## [YOUR ASSIGNMENT]
Find the line with "动态Q版魔法少女:手持星杖,纯黄色背景全身插画 49 动态Q版魔法少女:手持星杖,纯黄色背景全身插画" in the records below. Copy it and every line after it, up to and including the line with "Un Uomo Che".

## [RECORDS FOR THIS TASK]
- - - -

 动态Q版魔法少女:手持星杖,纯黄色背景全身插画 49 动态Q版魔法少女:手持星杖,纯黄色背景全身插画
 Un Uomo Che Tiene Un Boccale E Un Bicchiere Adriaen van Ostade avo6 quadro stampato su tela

- - - -

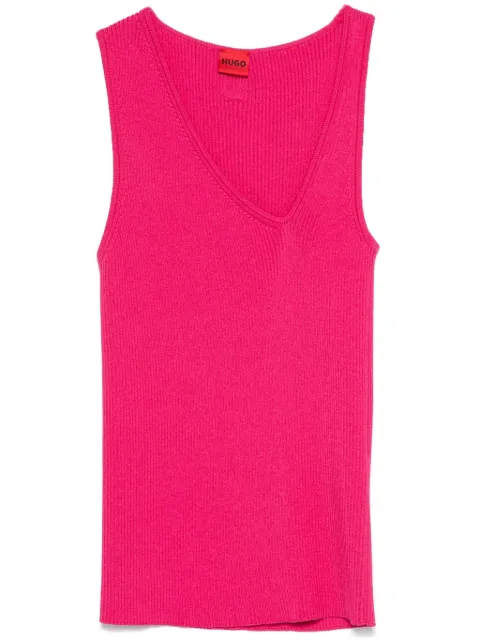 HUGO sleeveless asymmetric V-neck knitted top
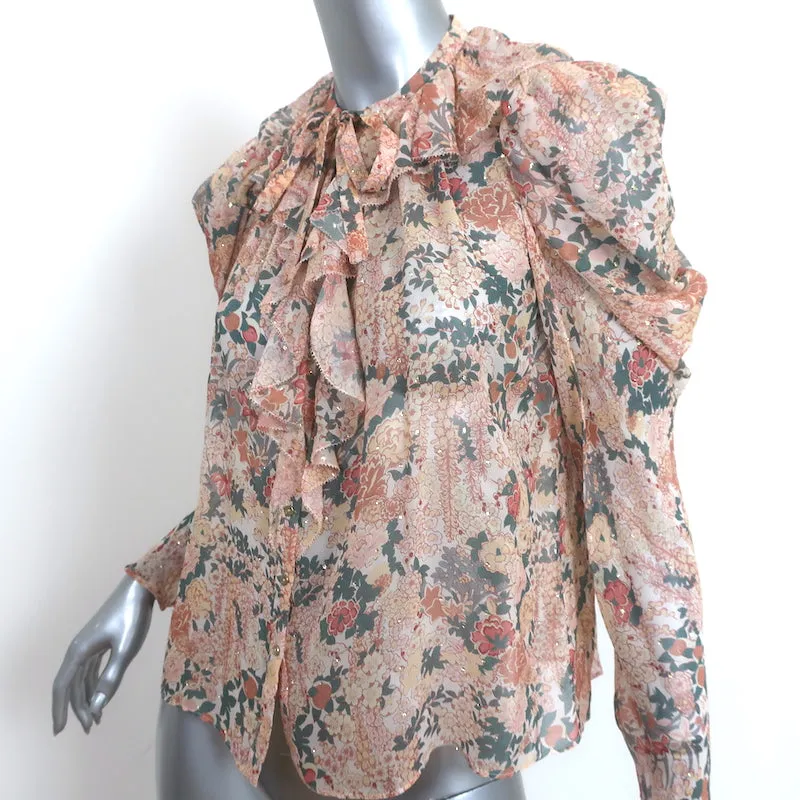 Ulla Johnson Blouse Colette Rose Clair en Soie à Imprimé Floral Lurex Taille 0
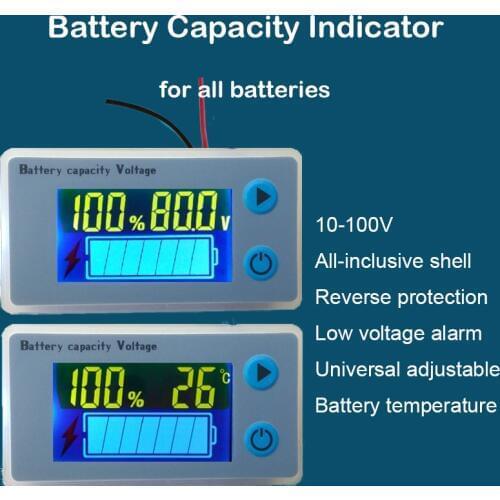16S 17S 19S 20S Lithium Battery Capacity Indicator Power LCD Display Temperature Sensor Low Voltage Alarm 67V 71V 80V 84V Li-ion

- - - -

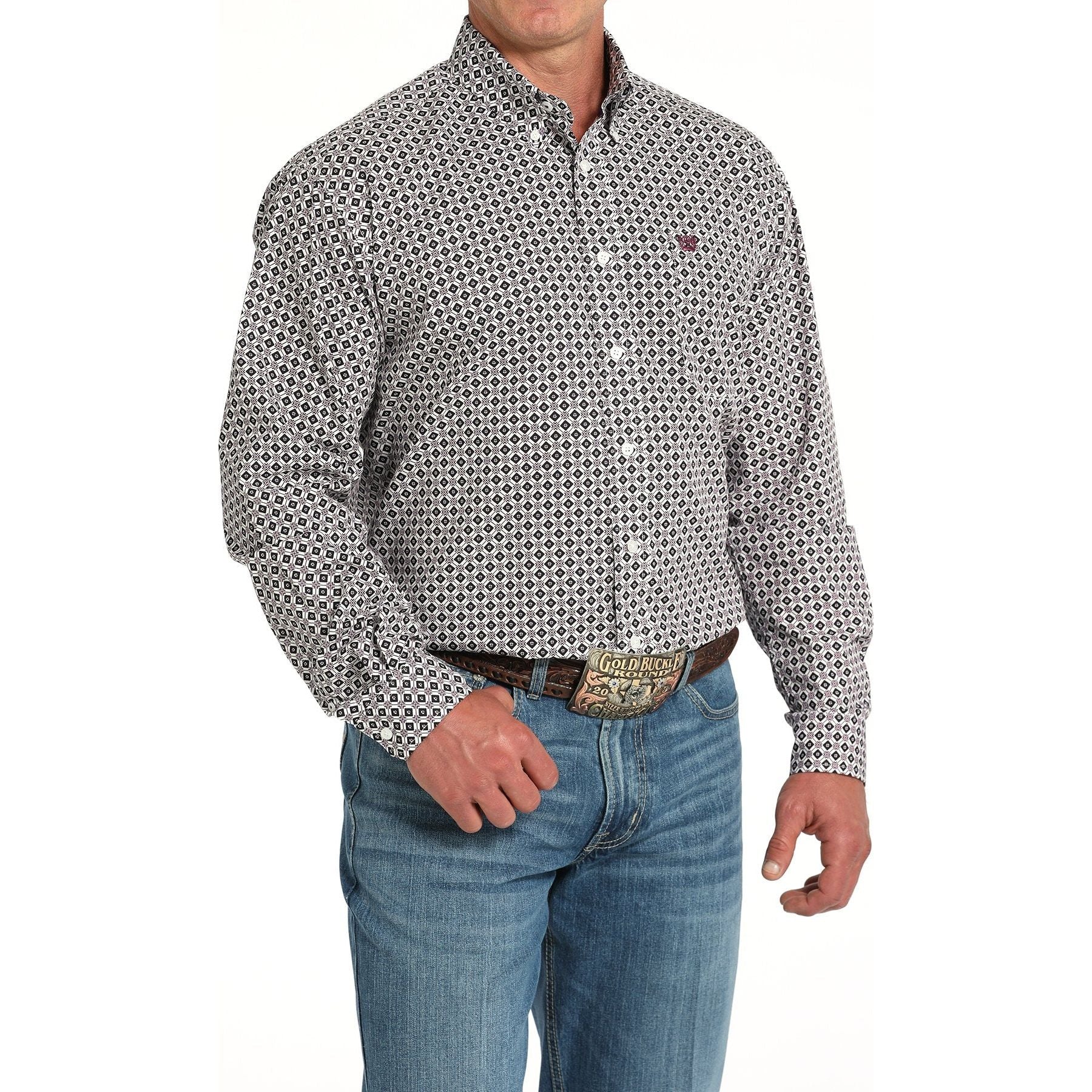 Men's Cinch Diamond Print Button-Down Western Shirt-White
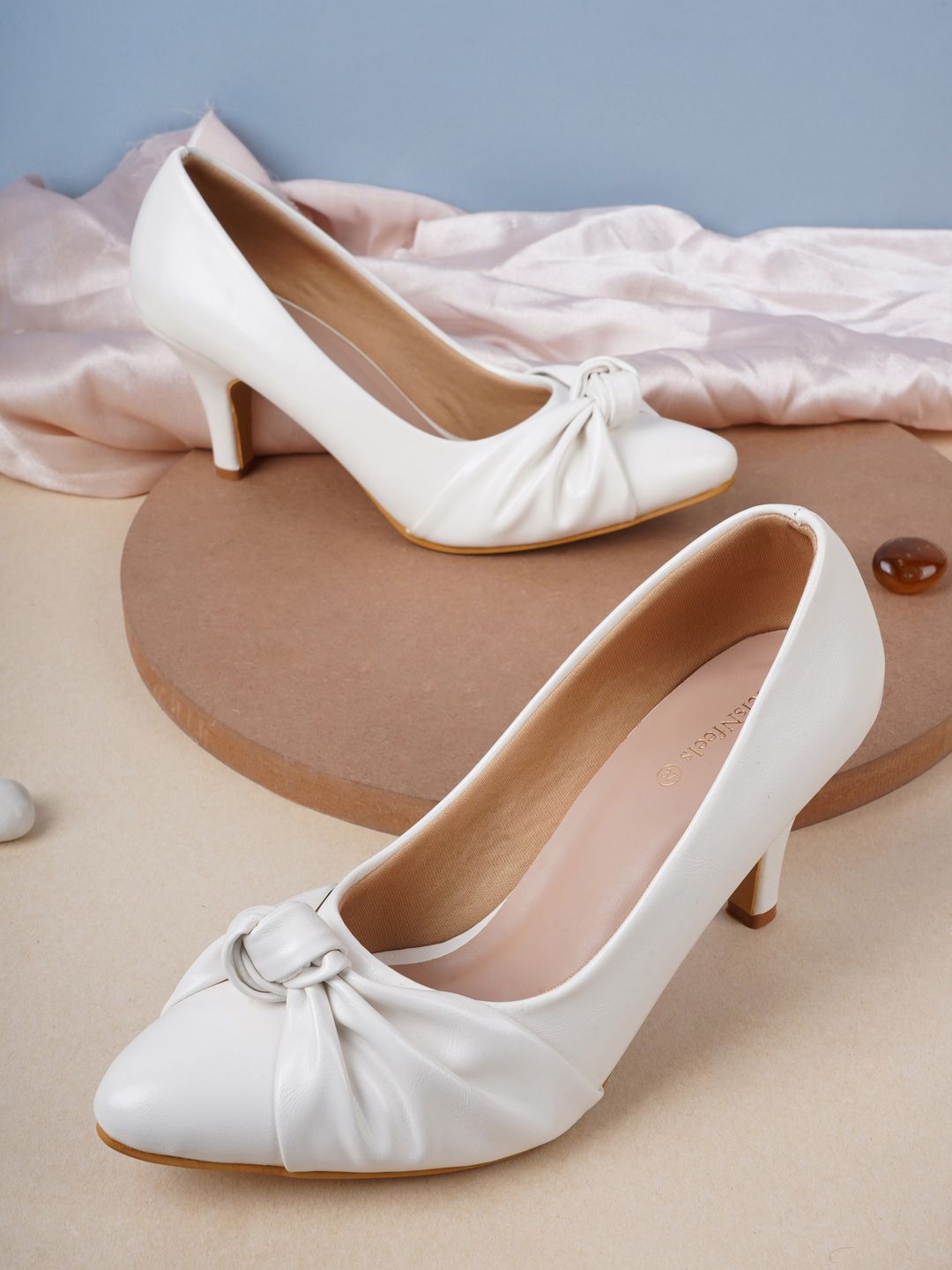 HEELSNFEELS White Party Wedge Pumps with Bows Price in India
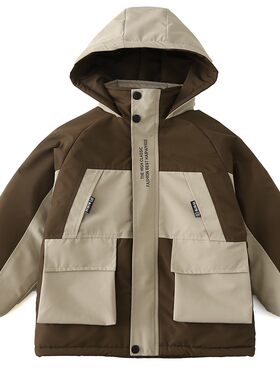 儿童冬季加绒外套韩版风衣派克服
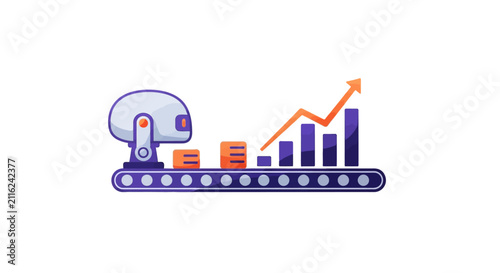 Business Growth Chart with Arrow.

- - - -

## [SOLUTION FOR THIS PROBLEM]
 动态Q版魔法少女:手持星杖,纯黄色背景全身插画 49 动态Q版魔法少女:手持星杖,纯黄色背景全身插画
 Un Uomo Che Tiene Un Boccale E Un Bicchiere Adriaen van Ostade avo6 quadro stampato su tela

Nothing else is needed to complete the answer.